I met with team members that were taking on projects to bring them up to speed and within a month of my anticipated due date, I brought them with me to any meetings related to the project. This didn’t work as seamlessly as I would have liked on all projects because I went into labor a week and a half before my due date, so I had a few loose ends to tie up still. I could have avoided those by procrastinating less.
On a tactical level, I created a shared document on Google drive for the team where they could see the assignments while I was out and also take notes so I could easily see what had occurred when I was back. I also included detailed instructions for who to reach out to about what projects on my out-of-office autoreply.
For me, the most important part of letting go while on leave was having complete trust in my team. Unfortunately, this isn’t something that you can quickly put into place – it’s something that we’ve built over months and years. But because I had trust in my team, I was able to completely unplug and spend the much-needed bonding time with my newborn.
Did you check in with work while on leave?
Since I procrastinated, I had a few things I had to finish/transition immediately after giving birth. But once I had those out of the way, I didn’t check email once. My team did come to visit the baby and, of course, I asked for an update. Other than that, I completely disconnected. And it was wonderful.
How difficult was it to ease back into the work environment?
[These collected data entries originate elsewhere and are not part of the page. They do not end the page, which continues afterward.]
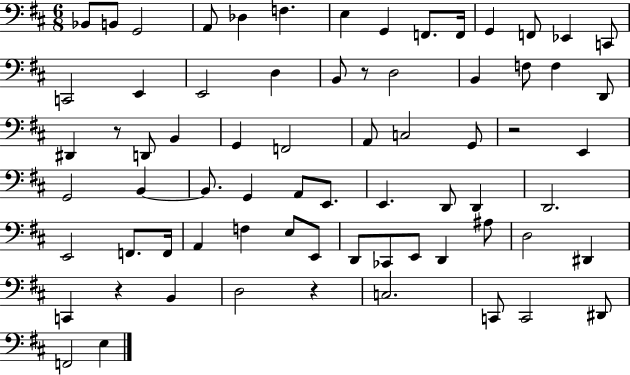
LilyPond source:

{
  \clef bass
  \numericTimeSignature
  \time 6/8
  \key d \major
  bes,8 b,8 g,2 | a,8 des4 f4. | e4 g,4 f,8. f,16 | g,4 f,8 ees,4 c,8 | \break c,2 e,4 | e,2 d4 | b,8 r8 d2 | b,4 f8 f4 d,8 | \break dis,4 r8 d,8 b,4 | g,4 f,2 | a,8 c2 g,8 | r2 e,4 | \break g,2 b,4~~ | b,8. g,4 a,8 e,8. | e,4. d,8 d,4 | d,2. | \break e,2 f,8. f,16 | a,4 f4 e8 e,8 | d,8 ces,8 e,8 d,4 ais8 | d2 dis,4 | \break c,4 r4 b,4 | d2 r4 | c2. | c,8 c,2 dis,8 | \break f,2 e4 | \bar "|."
}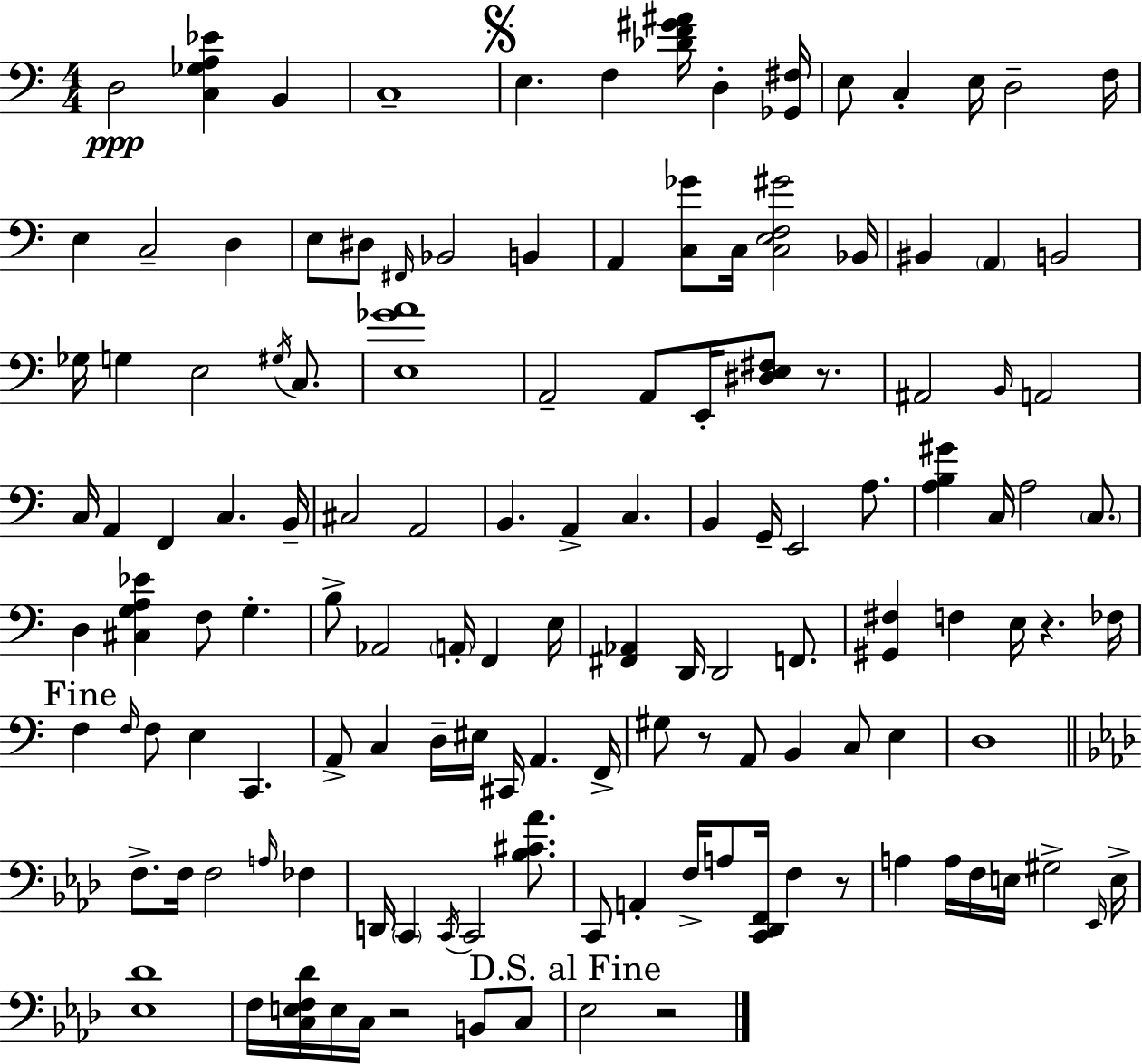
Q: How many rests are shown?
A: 6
Going back to work wasn’t as hard as I had anticipated. In my mind, I thought I’d be coming back to a completely new environment and feel totally behind. But things were blessedly the same. I was able to pick up where I’d left off easily. It’s so strange to go from being with someone literally 24/7 to only getting to spend waking time with them a few hours per day. I was adamant that I would leave work by 5:30 p.m. at the latest so that I could get home to give baby her afternoon feeding and spend a couple hours with her before bedtime. I let my boss know this was important to me upfront and have received the utmost support.
The other big challenge is pumping. It’s easy to get caught up in meetings and before you know it, you’ve gone five hours without pumping. I’ve made a goal of pumping three times per day, which often means I have to decline meeting requests or call in from the ‘mother’s room.’